Directions for this task:
When you transcribe the lines below, keep every word the same and leave the pictures behind.

[Stored dataset items]
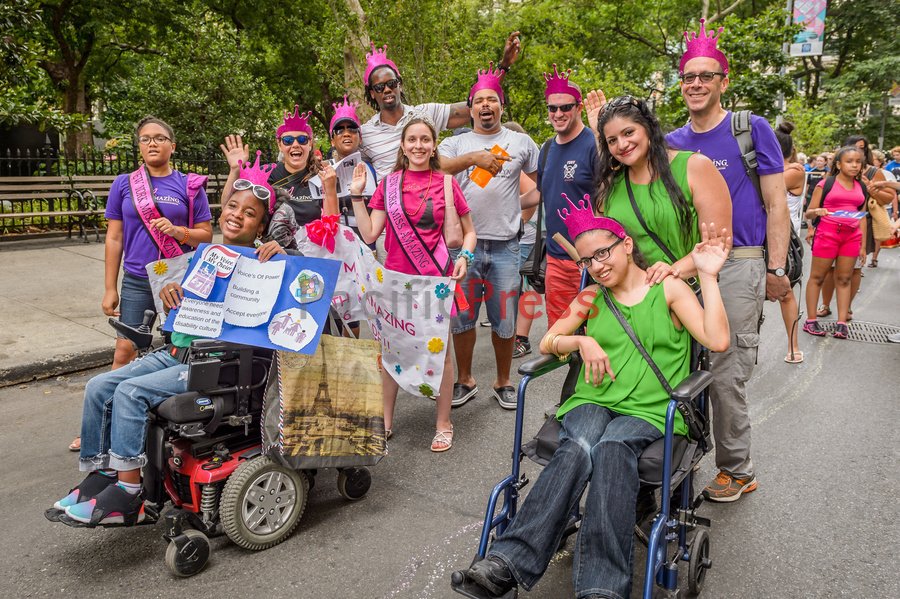 Crowd of parade marchers wearing purple crowns 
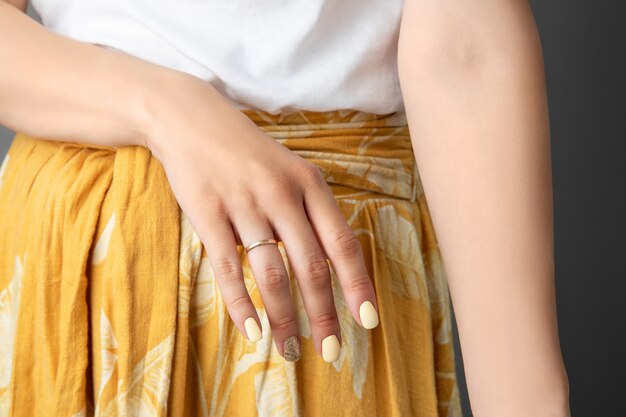 Manos de mujer con diseño de uñas amarillo brillante.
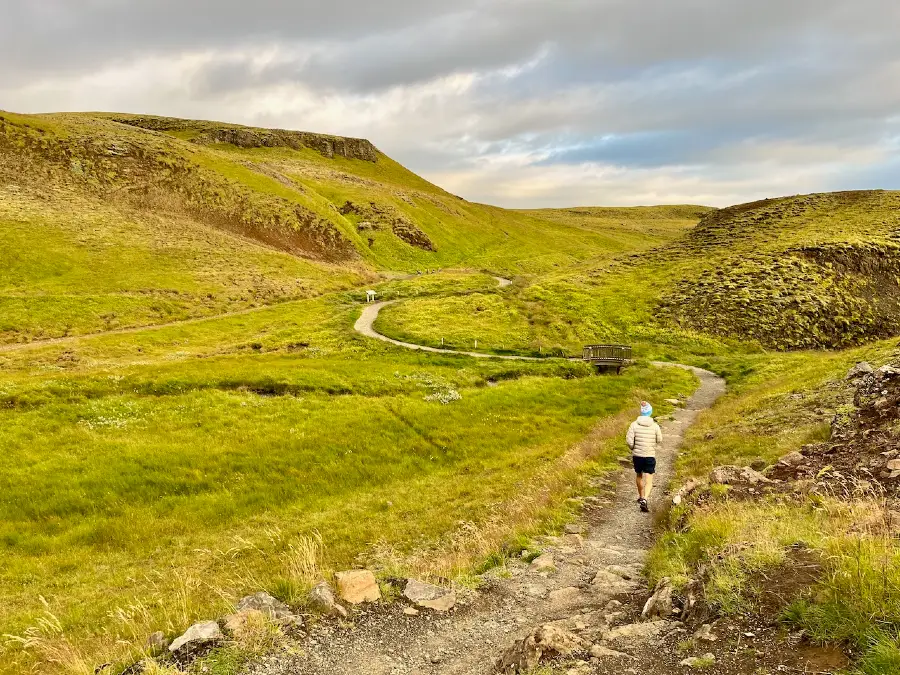 A man walking on a trail surrounded by green valley.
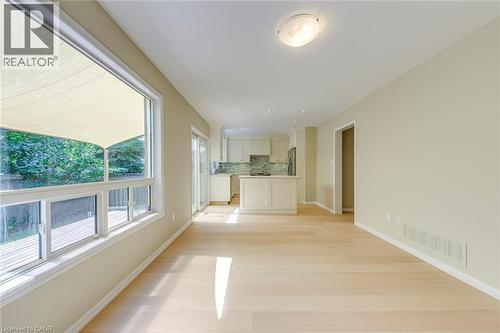 Family room with light wood-style floors and baseboards - 3037 Abernathy Way, Oakville, ON - Indoor Photo Showing Other Room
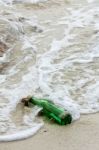 Message In The Bottle Washed Ashore Stock Photo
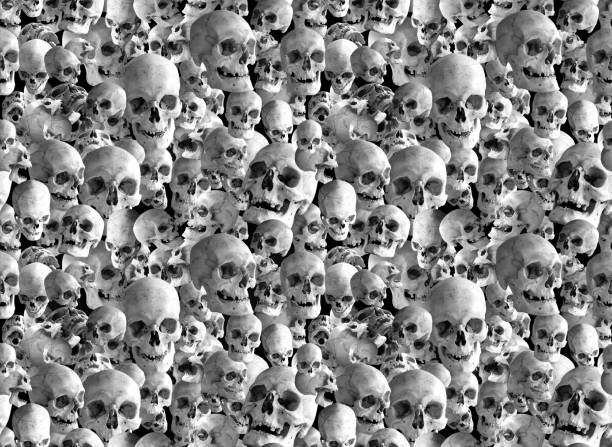 istock Seamless background of many human skulls. Illustration. 1213135269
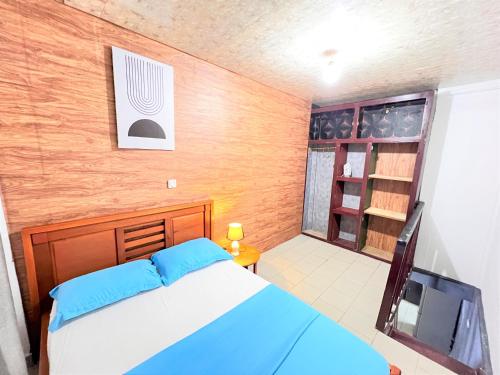 a bedroom with a blue bed and a tv at The Yafé Bastos 5 in Yaoundé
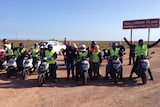 Senior citizens on their scooters besides a Nullarbor Plain sign, Sept 2014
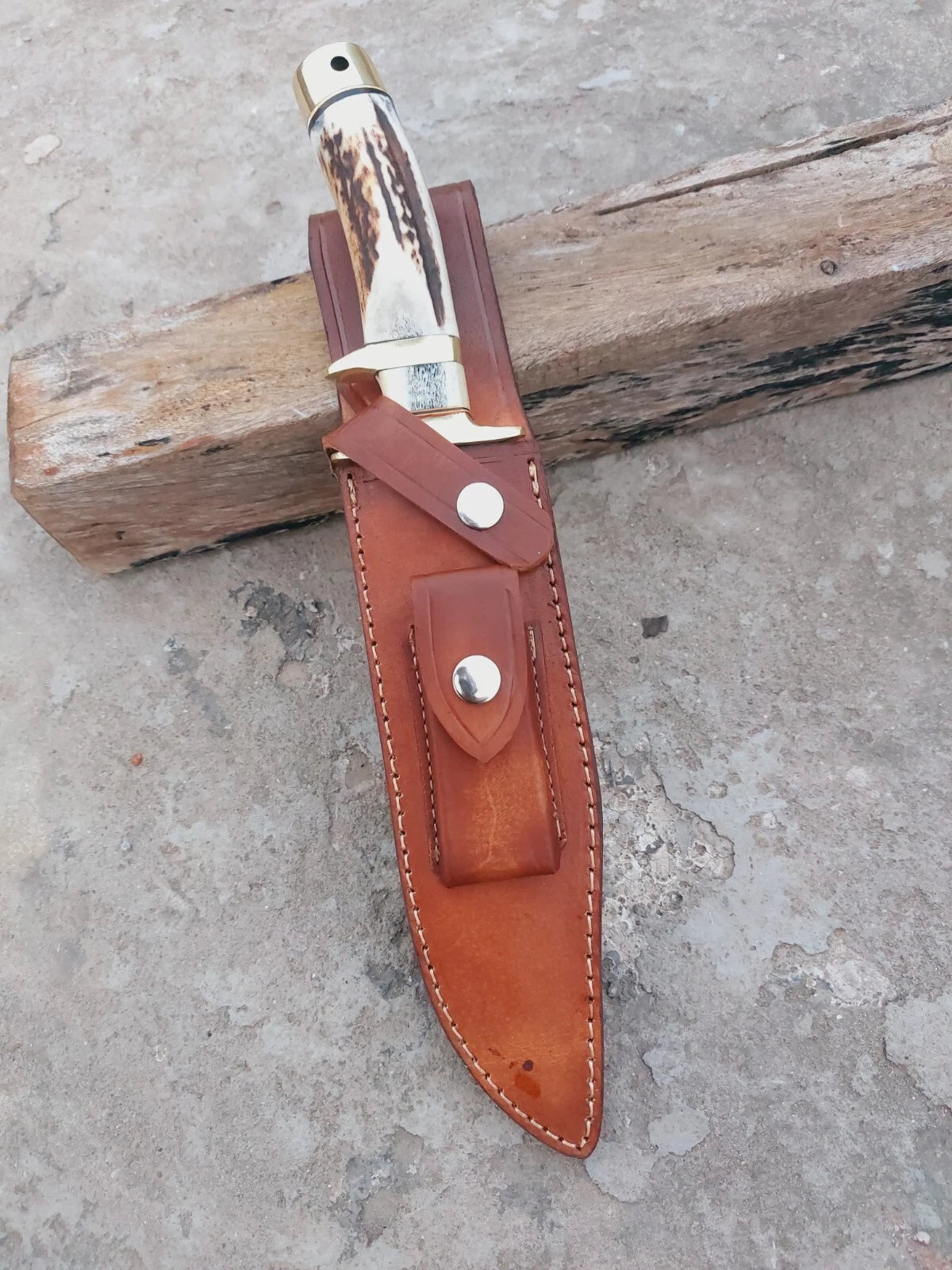 Damascus steel fixed blade hunting knife with stag antler handle, brass guard, and stitched leather sheath. Subhilt design provides better control during use. Perfect for hunters, campers, and survival enthusiasts.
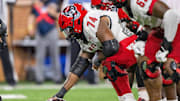 Sep 11, 2025; Winston-Salem, North Carolina, USA;  North Carolina State Wolfpack offensive lineman Jalen Grant (74) snaps the ball against against the Wake Forest Demon Deacons in second half at Allegacy Federal Credit Union Stadium. Mandatory Credit: Luke Jamroz-Imagn Images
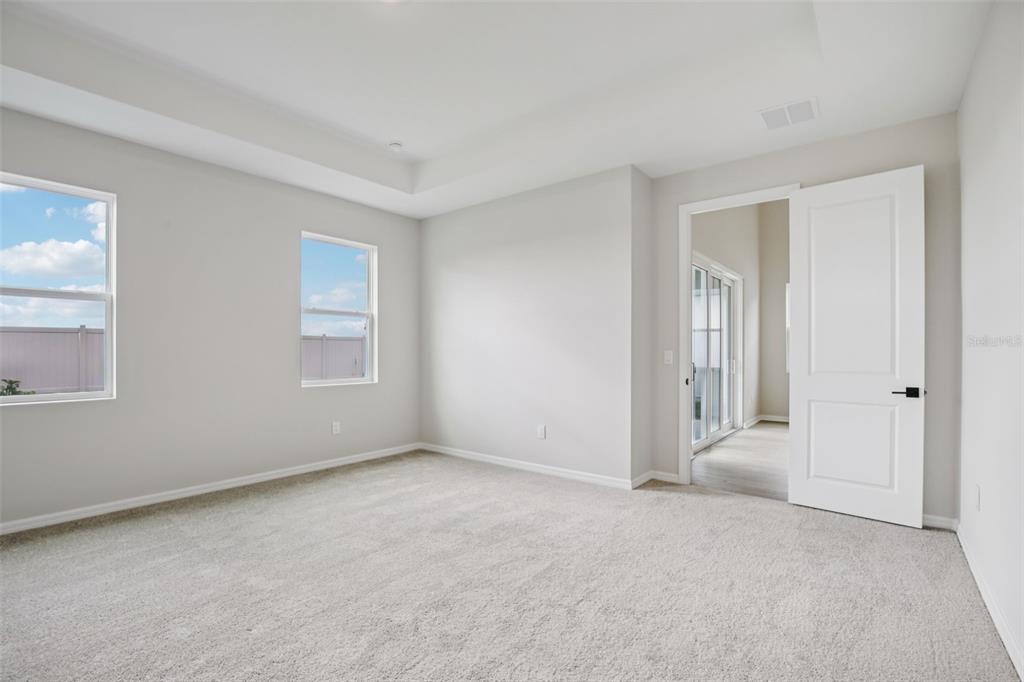 10167 Hidden Hammock Loop Parrish, FL 34221 - Photo 24 of 42 a view of an empty room and window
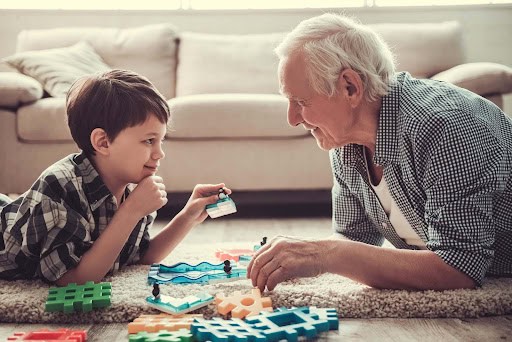 Grandpa plays on floor with grandson KHM Attorneys at Law Colorado Springs, Castle Rock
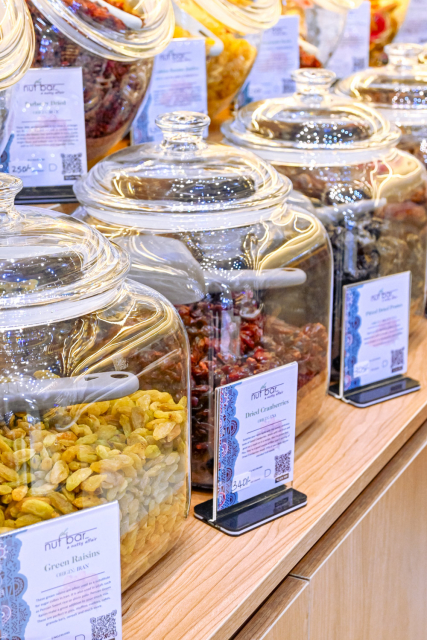 Glass jars of green and red dried foods displayed with product cards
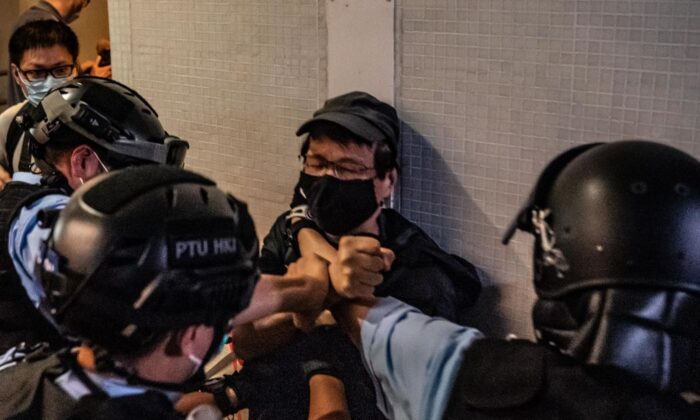 La policía detiene a un hombre en un centro comercial de Hong Kong el 26 de abril de 2020. (Anthony Kwan/Getty Images)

Result:
 Crowd of parade marchers wearing purple crowns 
 Manos de mujer con diseño de uñas amarillo brillante.
 A man walking on a trail surrounded by green valley.
 Family room with light wood-style floors and baseboards - 3037 Abernathy Way, Oakville, ON - Indoor Photo Showing Other Room
 Message In The Bottle Washed Ashore Stock Photo
 istock Seamless background of many human skulls. Illustration. 1213135269
 a bedroom with a blue bed and a tv at The Yafé Bastos 5 in Yaoundé
 Senior citizens on their scooters besides a Nullarbor Plain sign, Sept 2014
 Damascus steel fixed blade hunting knife with stag antler handle, brass guard, and stitched leather sheath. Subhilt design provides better control during use. Perfect for hunters, campers, and survival enthusiasts.
 Sep 11, 2025; Winston-Salem, North Carolina, USA;  North Carolina State Wolfpack offensive lineman Jalen Grant (74) snaps the ball against against the Wake Forest Demon Deacons in second half at Allegacy Federal Credit Union Stadium. Mandatory Credit: Luke Jamroz-Imagn Images
 10167 Hidden Hammock Loop Parrish, FL 34221 - Photo 24 of 42 a view of an empty room and window
 Grandpa plays on floor with grandson KHM Attorneys at Law Colorado Springs, Castle Rock
 Glass jars of green and red dried foods displayed with product cards
 La policía detiene a un hombre en un centro comercial de Hong Kong el 26 de abril de 2020. (Anthony Kwan/Getty Images)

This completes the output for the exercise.